• **EXERCISE MATERIAL**
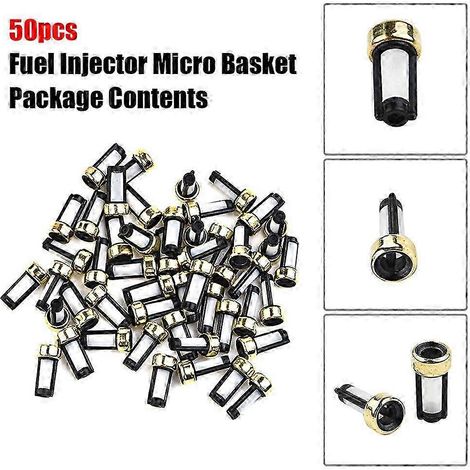 50 filtres à panier pour injecteur de carburant, pièces de rechange automobiles pour kit de réparation d'injecteur ASNU03C (1/5)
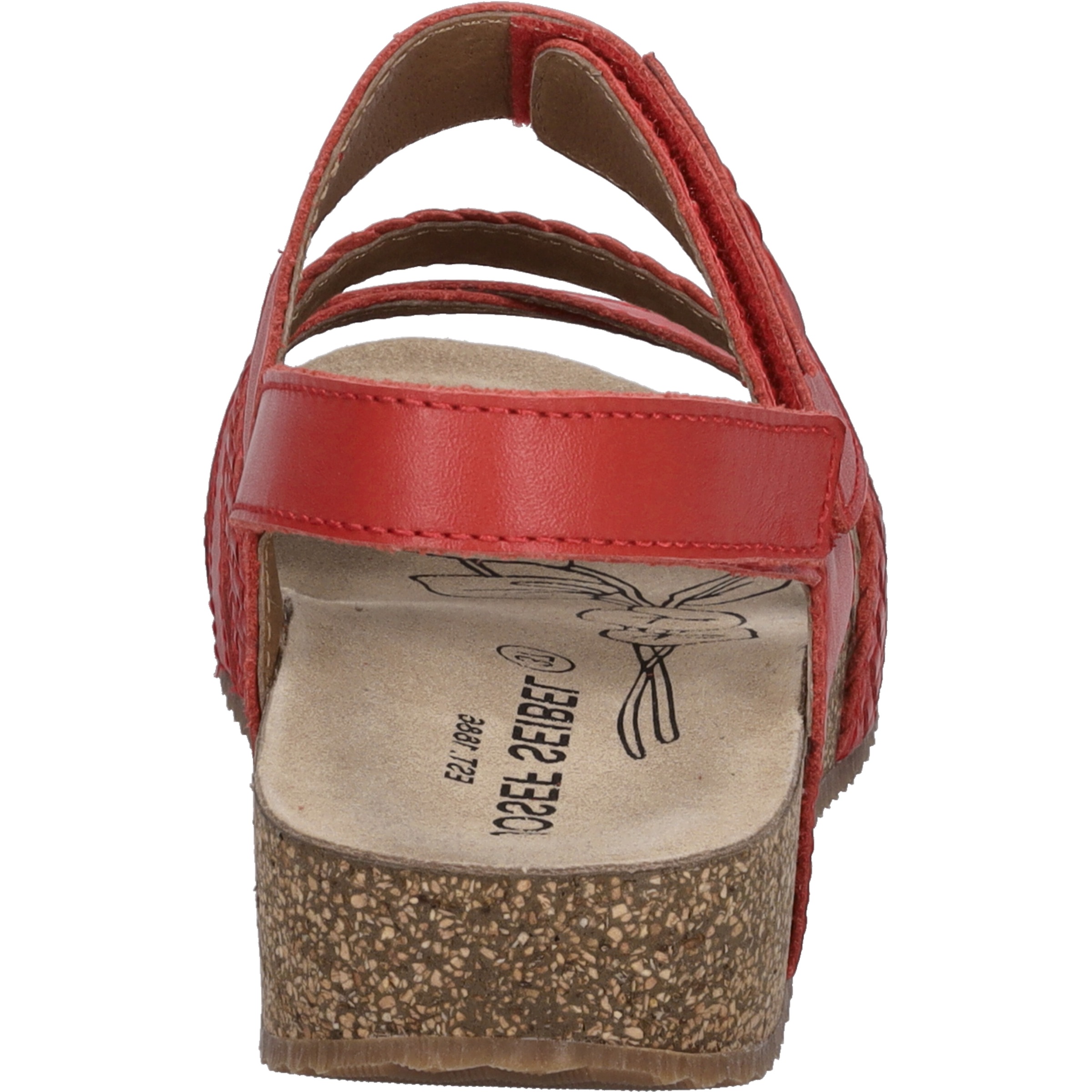 Sandale JOSEF SEIBEL "Tonga 83, rot", Damen, Gr. 40, rot, Obermaterial: 100% Rindsleder Leather cow., Schuhe Sandale 3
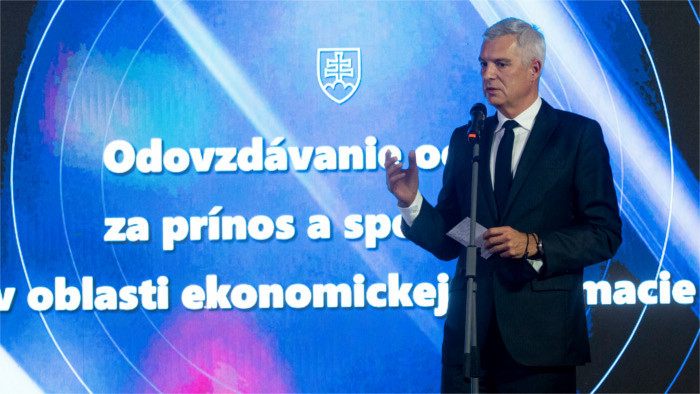 Außenminister Korčok zeichnete innovative Firmen aus 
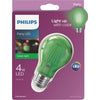Philips Green A19 Medium 4W Indoor/Outdoor LED Decorative Party Light Bulb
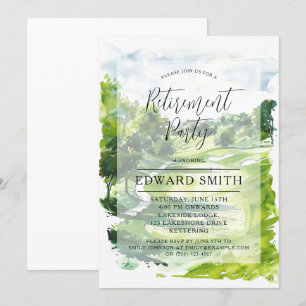 Golfing Retirement Party Invitation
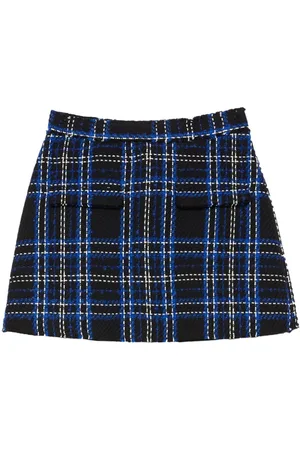 Msgm Skirt With Tartan Pattern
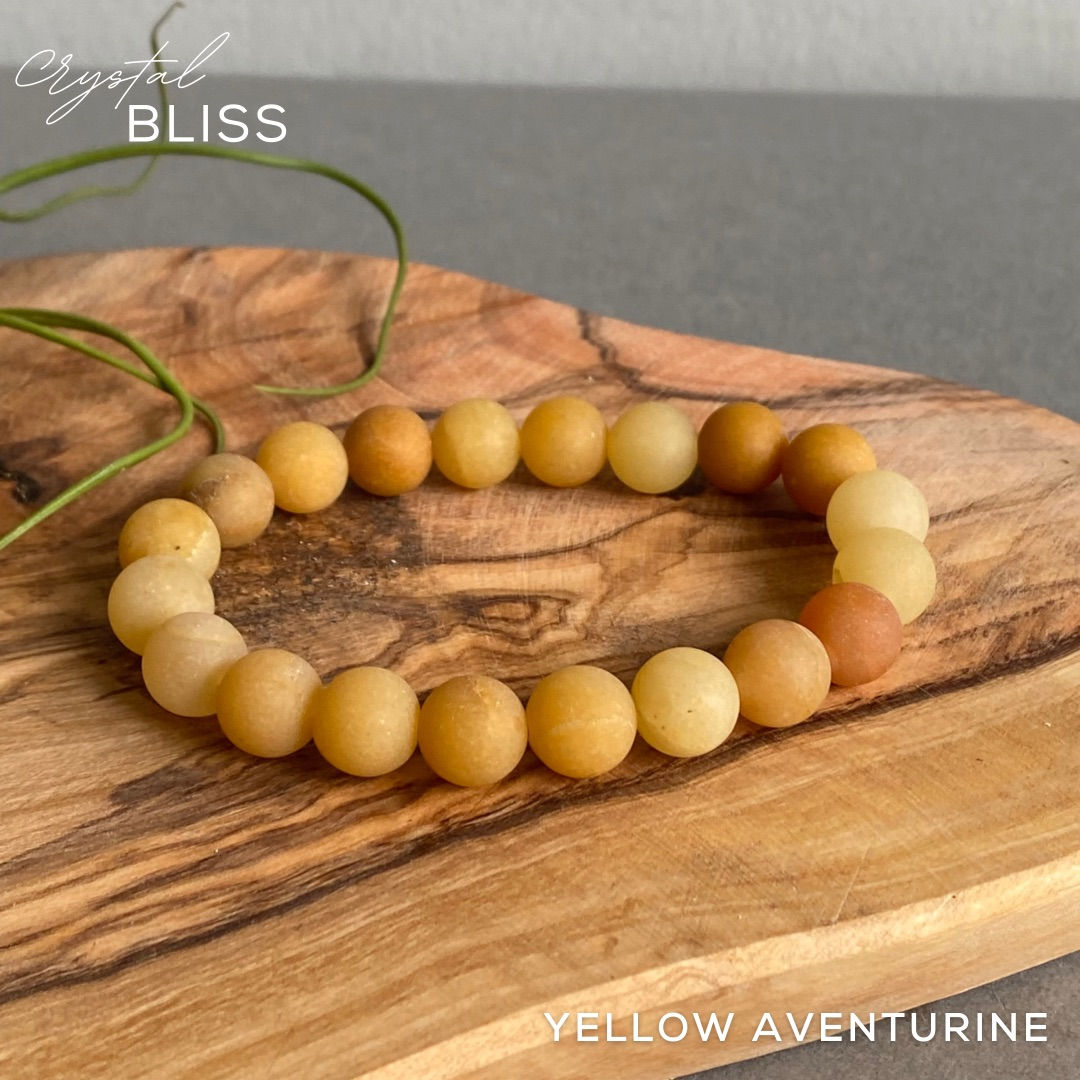 Matte Yellow Aventurine Bracelet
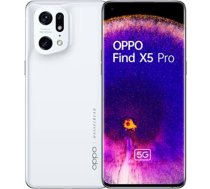 OPPO Find X5 Pro 5G viedtālrunis 256GB, 12GB RAM, Dual Sim, balts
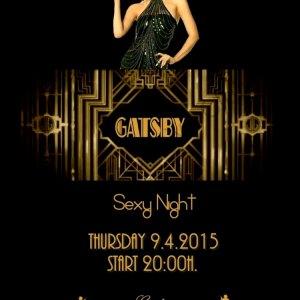 Donnerstag 09.04 im Stil von The Great Gatsby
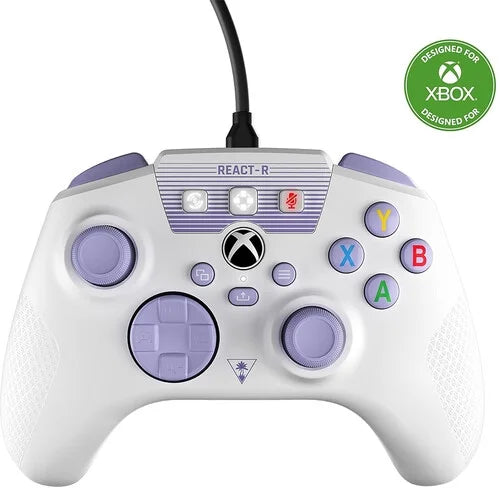 Turtle Beach REACT-R White XB [GAMES ACCESSORIES] Xbox One, Xbox Series X , White, Controller, PC Games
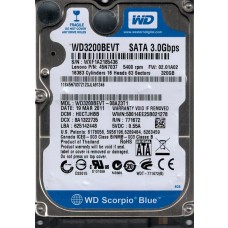 WD3200BEVT-08A23T1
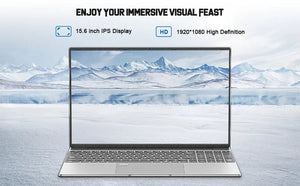 Planet Gates Portable Laptop 15.6" 32GB Ram DDR4 2TB SSD Windows 11 Notebook Pc Gamer Intel N5095 Office Computer with Backlit Fingerprint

• **THE TASK**
Print each line of the material above exactly, with the pictures removed from your copy.

• **EXPECTED OUTPUT**
 50 filtres à panier pour injecteur de carburant, pièces de rechange automobiles pour kit de réparation d'injecteur ASNU03C (1/5)
 Sandale JOSEF SEIBEL "Tonga 83, rot", Damen, Gr. 40, rot, Obermaterial: 100% Rindsleder Leather cow., Schuhe Sandale 3
 Außenminister Korčok zeichnete innovative Firmen aus 
Philips Green A19 Medium 4W Indoor/Outdoor LED Decorative Party Light Bulb
 Golfing Retirement Party Invitation
 Msgm Skirt With Tartan Pattern
 Matte Yellow Aventurine Bracelet
 OPPO Find X5 Pro 5G viedtālrunis 256GB, 12GB RAM, Dual Sim, balts
 Donnerstag 09.04 im Stil von The Great Gatsby
 Turtle Beach REACT-R White XB [GAMES ACCESSORIES] Xbox One, Xbox Series X , White, Controller, PC Games
 WD3200BEVT-08A23T1
 Planet Gates Portable Laptop 15.6" 32GB Ram DDR4 2TB SSD Windows 11 Notebook Pc Gamer Intel N5095 Office Computer with Backlit Fingerprint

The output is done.